“On its surface, AQF, 2016–2018 (CS) channels the emotions of the Anthropocene. I confront my participation in this horrific forcing. There are two recurring sonic motifs throughout the album: (1) the Siren/Scream and (2) the phrase, “Smile at the Past when I see it”, first said by Caleb Giles on Smile #1. I became obsessed with its implications and lack thereof.”

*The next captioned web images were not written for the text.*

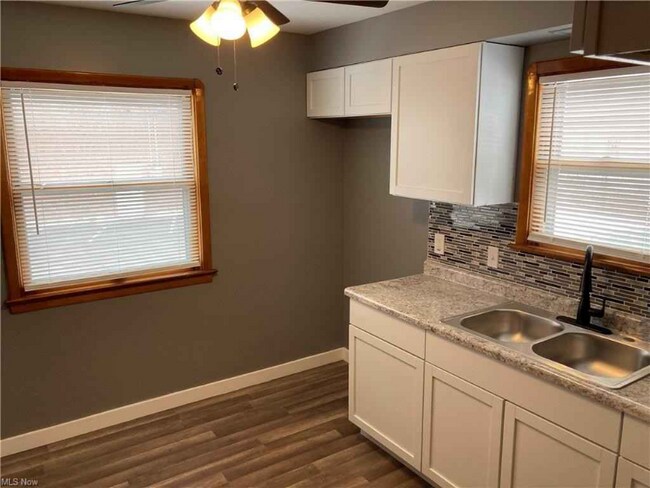 Foto del edificio - 6099 Ridge Rd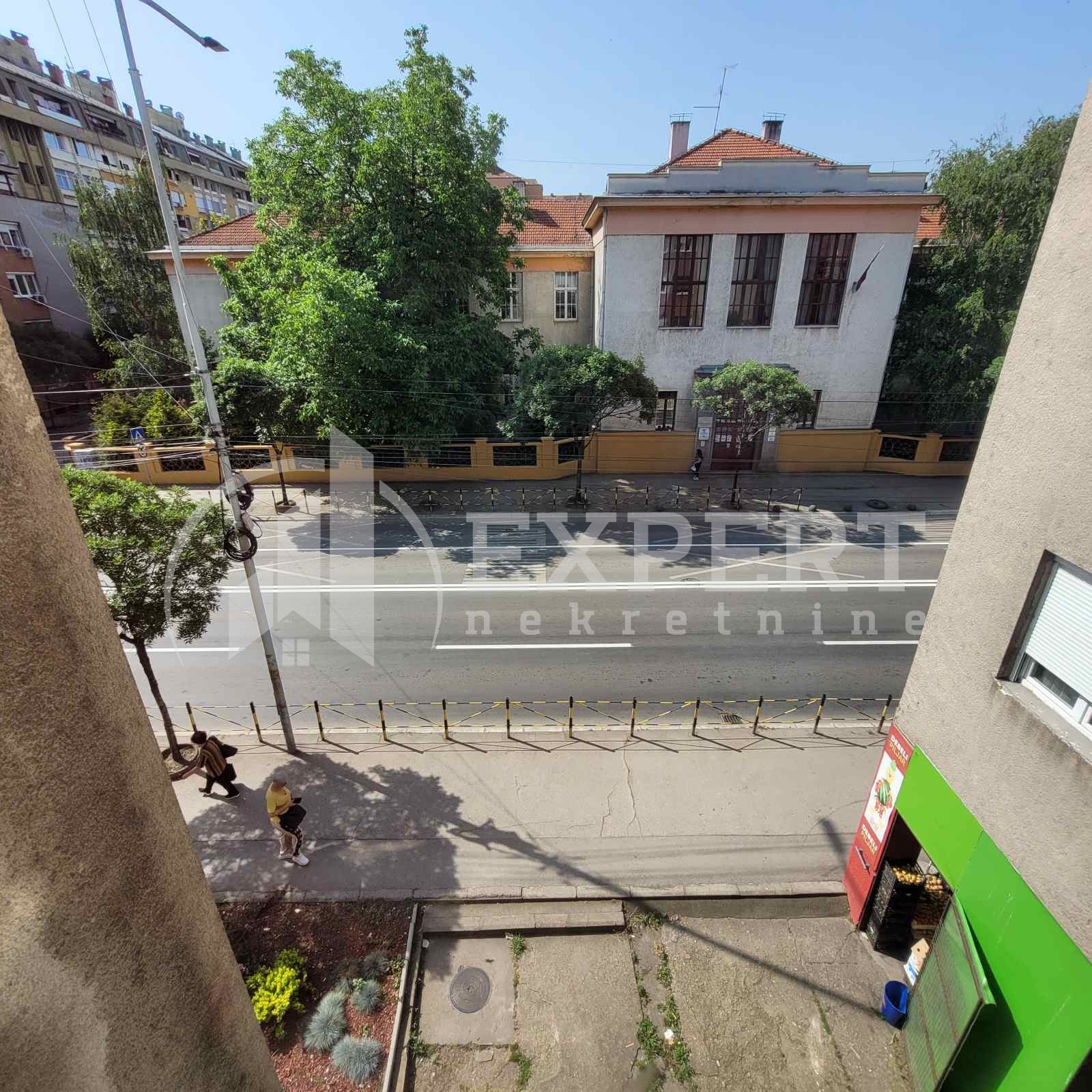 Jednosoban stan, 33 m2, Centar, Generala Milojka Lešjanina ID: i-011067 20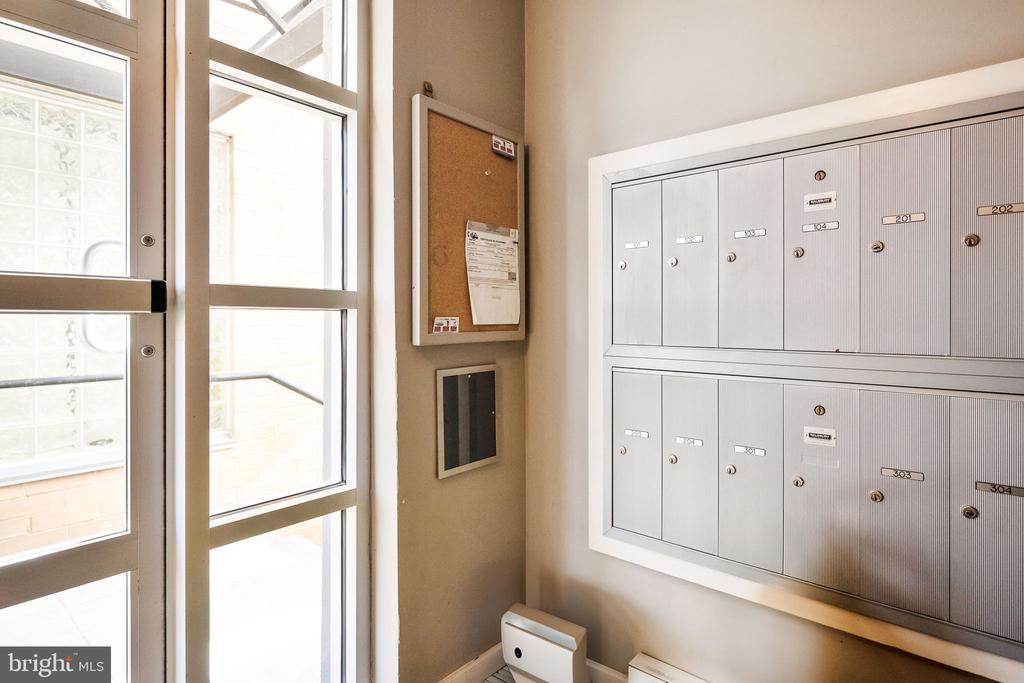1439 CHAPIN STREET NW Unit: 102
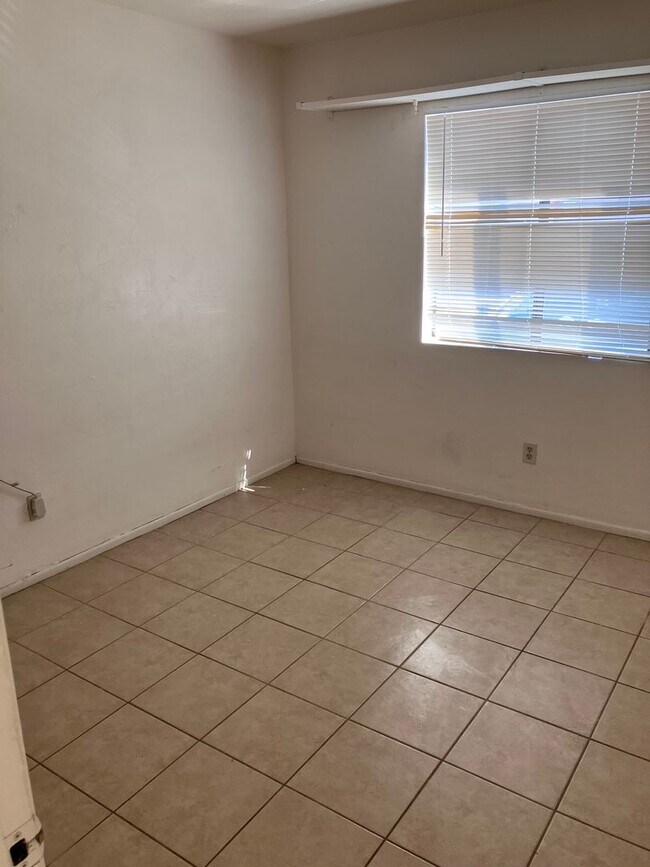 Foto del edificio - 838 E Adams St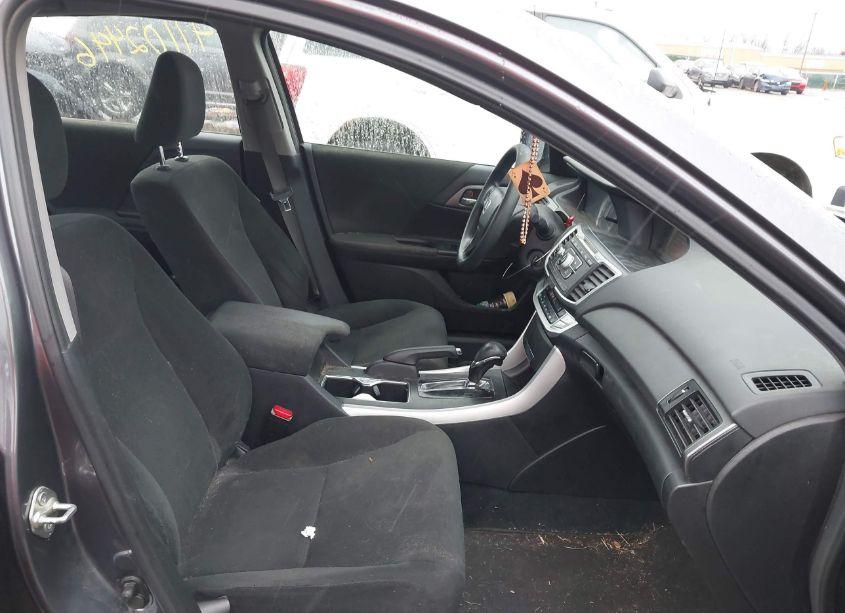 Photo 5 of 2013 Honda Accord LX (VIN 1HGCR2F3XDA040040)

Slauson Malone is the alias of recording artist Jasper Marsalis, and I suspect that his “real name” may be an alias too given the last name comes from a famous jazz family. Trying to unravel whether or not either one is real is unimportant to this review. I’ll ruminate on that more later and you may feel free to do so as well. Instead we’re here to talk about “A Quiet Farwell, 2016-2018 (Crater Speak).” Here’s how I can best describe this experience — what if Earl Sweatshirt was even more introverted and introspective than he already is? What if you not only didn’t like shit and never went outside, you were more agoraphobic than Ambrose Monk? You’d be Mr. Malone.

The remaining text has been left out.